Project Gutenberg has had a spate of old histories of the New World, which I can't get enough of.  Every time I read a reference to Darien I hear this Keats sonnet in my head:
On First Looking into Chapman's Homer
BY JOHN KEATS
Much have I travell'd in the realms of gold,
And many goodly states and kingdoms seen;
Round many western islands have I been
Which bards in fealty to Apollo hold.
Oft of one wide expanse had I been told
That deep-brow'd Homer ruled as his demesne;
Yet did I never breathe its pure serene
Till I heard Chapman speak out loud and bold:
Then felt I like some watcher of the skies
When a new planet swims into his ken;
Or like stout Cortez when with eagle eyes
He star'd at the Pacific—and all his men
Look'd at each other with a wild surmise—
Silent, upon a peak in Darien.
The poem refers to an exciting translation of Homer by George Chapman.  The last few lines stick in a lot of heads, it seems; the literary world is stuffed with references to them.  G.K. Chesterton worked them into a drinking song, The Logical Vegetarian:
I am silent in the club,
I am silent in the pub.,
I am silent on a bally peak in Darien;
For I stuff away for life
Shoving peas in with a knife,
Because I am a rigid Vegetarian.

No more the milk of cows
Shall pollute my private house
Than the milk of the wild mares of the Barbarian
I will stick to port and sherry,
For they are so very, very,
So very, very, very, Vegetarian.
Clovis Sangrail freezes out a fellow trying to cadge a favor in Saki's "The Talking-Out of Tarrington":
The next moment the overtures of an affably disposed gentleman were being received by Clovis with a "silent-upon-a-peak-in-Darien" stare which denoted an absence of all previous acquaintance with the object scrutinized.
Vladimir Nabakov famously incorporated a baseball-themed pun on the sonnet's title into Pale Fire:  "Red Sox Beat Yanks 5–4 On Chapman's Homer."
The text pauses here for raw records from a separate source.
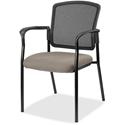 Lorell Mesh Back Stackable Guest Chair - Black Frame Color - 1 Each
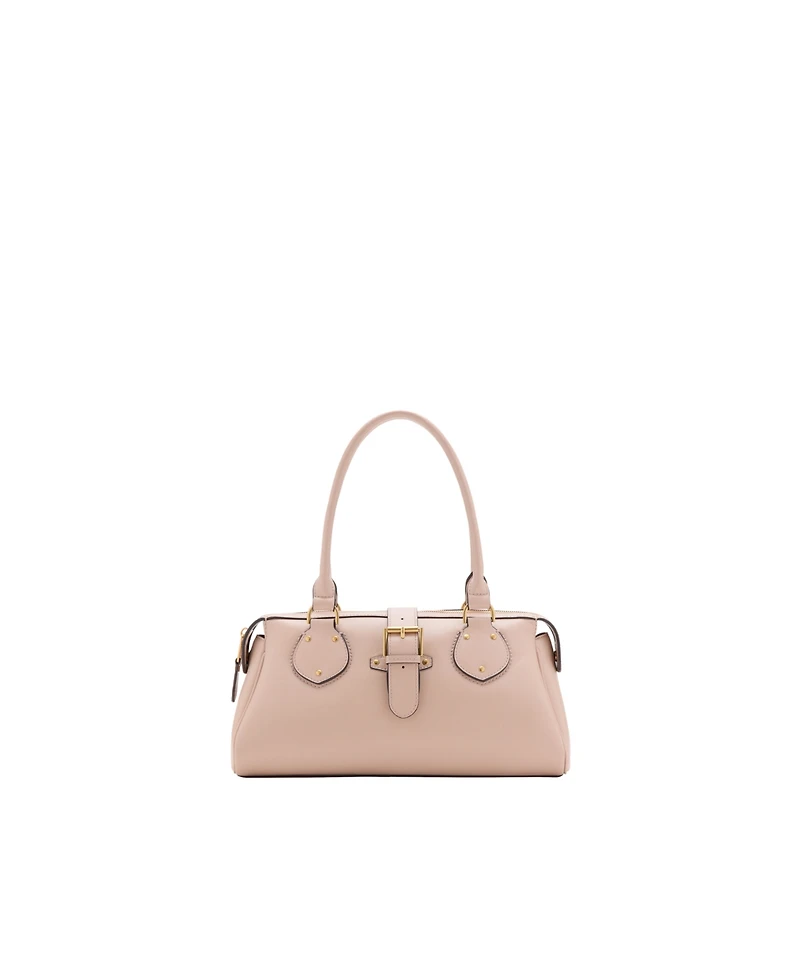 Mango Women's Large Buckle Bowling Bag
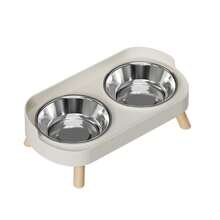 Nouvelles doubles bols d'alimentation et de boisson pour chats, table à manger mignonne pour animaux de compagnie, bols disponibles en plusieurs couleurs et styles, bol pour animaux de compagnie universel - Multicolore - Voir 20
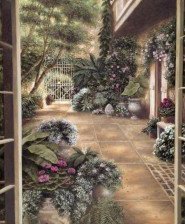 Схема вышивки «дворик»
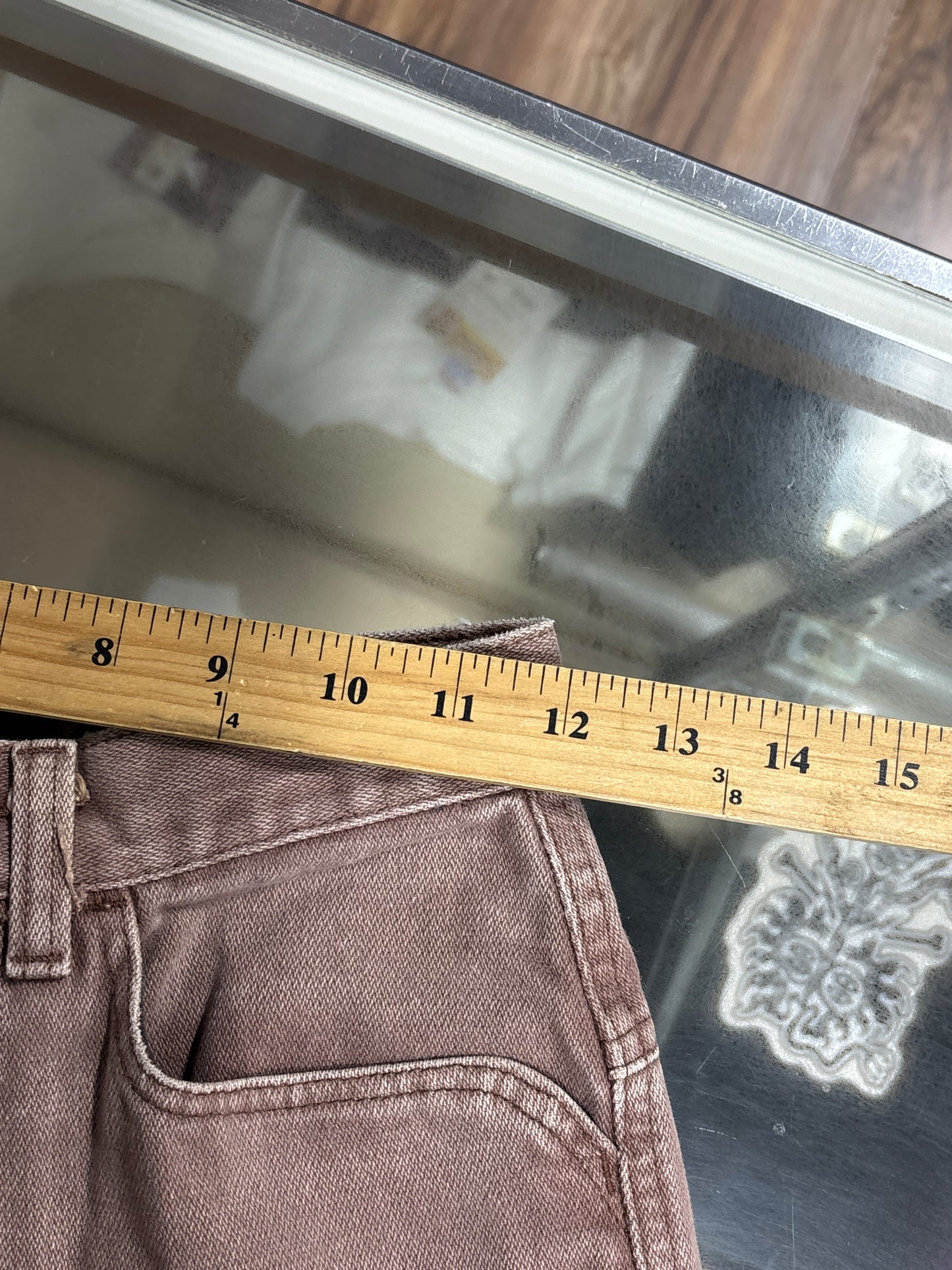 Vintage Wrangler Silverlake Women's Western Brown Denim Jeans Size 24x35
Ted Davis explained that baseball has been around forever, since God made the whole world in the big inning, then Eve stole first, and Adam second, after which they were both thrown out.  He then wrote "On First, Looking into Chapman's Homer":
Or like stout Mantle, when with eagle eyes
He star’d out at the distant fence — and then
Watch’d his ball just rise and rise and rise —
Silent, above a park in Washington.
A Punch sketch from 1922 recounts a student's attempt to recite the poem.  He gives "coffee-colored" for "deep-brow'd Homer," and ends with "Or like fat Cortez, when with staring eyes/He swims in the Pacific. . . " to the disgust of his professor, who predicts his enormous success as a Philistine in public life.

4 comments:

Grim said...

Homer has produced quite a few decent English translations. My favorite is the Fitzgerald, but the Pope translation also produced new poems in its honor.

douglas said...

Wonderful!

Not having heard of the "peak in Darien", I set out via google to learn.
Came across this wonderful telling of the story of Balboa and Darien, and in this book and another, 79 more stories. If they are this well written, I may read them all.

Thanks, Tex!

Texan99 said...

Yes, Keats mixed up Cortez and Balboa, but Balboa wouldn't scanned. The stories of this period really are ripsnorters and worth reading.

Lars Walker said...

Chesterton and Saki! I wildly surmise this will be a good day.